SHANTANU JATHAR, Ali Akherati, Shiva Tarun, Liam Lewane, Abril Galang, Timothy Onasch, Scott Herndon, Joseph Roscioli, Tara Yacovitch, Edward Fortner, Philip Croteau, Wen Xu, Conner Daube, Berk Knighton, Benjamin Werden, Ezra Wood, Christopher Lim, David Hagan, Christopher Cappa, Jesse Kroll, Daniel S. Tkacik, Christopher Hennigan, Allen Robinson, Colorado State University

     Abstract Number: 1316
     Working Group: Carbonaceous Aerosol

Abstract
Wildfires are the largest combustion-related source of organic emissions to the atmosphere; these include direct emissions of primary organic aerosol (POA) and semi-volatile, intermediate-volatility, and volatile organic compounds (SVOCs, IVOCs, and VOCs). However, there are large uncertainties surrounding the evolution of these organic emissions as they are physically and chemically transformed in the atmosphere. To understand these transformations, we performed sixteen experiments using an environmental chamber to simulate day- and night-time chemistry of wildfire emissions from 6 different fuels at the Fire Laboratory in Missoula, MT.

Across the test matrix, the experiments simulated 0.5 to 9 hours of equivalent day-time aging (with the hydroxyl radical and ozone) or several hours of night-time aging (with the nitrate radical). Day-time aging resulted in an average organic aerosol (OA) mass enhancement of 72% although the full range of OA mass enhancements varied between ~0% and 400%. The distribution of OA mass enhancements was consistent with chamber and flow reactor experiments performed at the Fire Laboratory in 2010 and 2012 but similar to previous studies offered no evidence to link the OA mass enhancement to fuel type, burn conditions, or oxidant exposure. The chamber OA mass enhancements were nearly half of those observed with flow reactor experiments performed in conjunction with this study and the differences could be explained by significant differences in oxidant exposure (median age of 6.1 hours for the chamber versus 3.8 days for the flow reactor). Night-time aging resulted in an average OA mass enhancement of 20%, which was lower than that observed with day-time aging.
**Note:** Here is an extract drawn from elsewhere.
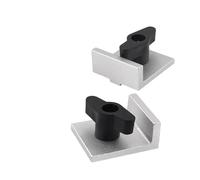 Bi-Directional T-Track Stop Block Set 4-Piece Aluminum Short Stop Set for Woodworking Jigs Tables Fits 1/4-5/16 T-Bolts Silver Anodized 1.5 L × 1.625 W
We found strong evidence for production of organic nitrates during the night-time experiments where they accounted for ~10% of the total OA emitted and formed by the end of the experiment. Both day- and night-time aging resulted in only modest changes in the OA composition measured by the aerosol mass spectrometer. The median fraction of the OA mass measured at a mass-to-charge ratio of 44 and 60 changed by +65% and -25% respectively and the median oxygen-to-carbon ratio increased by 25%. The flow reactor experiments witnessed much larger changes in the OA composition (e.g., median oxygen-to-carbon ratio more than doubled), which again could be attributed to substantial differences in oxidant exposure.

Ongoing work is focussed on integrating chamber and flow reactor wildfire experiments from 2010, 2012, and 2016 (~130 individual experiments) to examine the relationship between OA mass enhancement ratios, modified combustion efficiency, initial aerosol concentrations and composition, aerosol size, oxidant exposure, VOC:NOx ratios, and emissions and speciation of SOA precursors.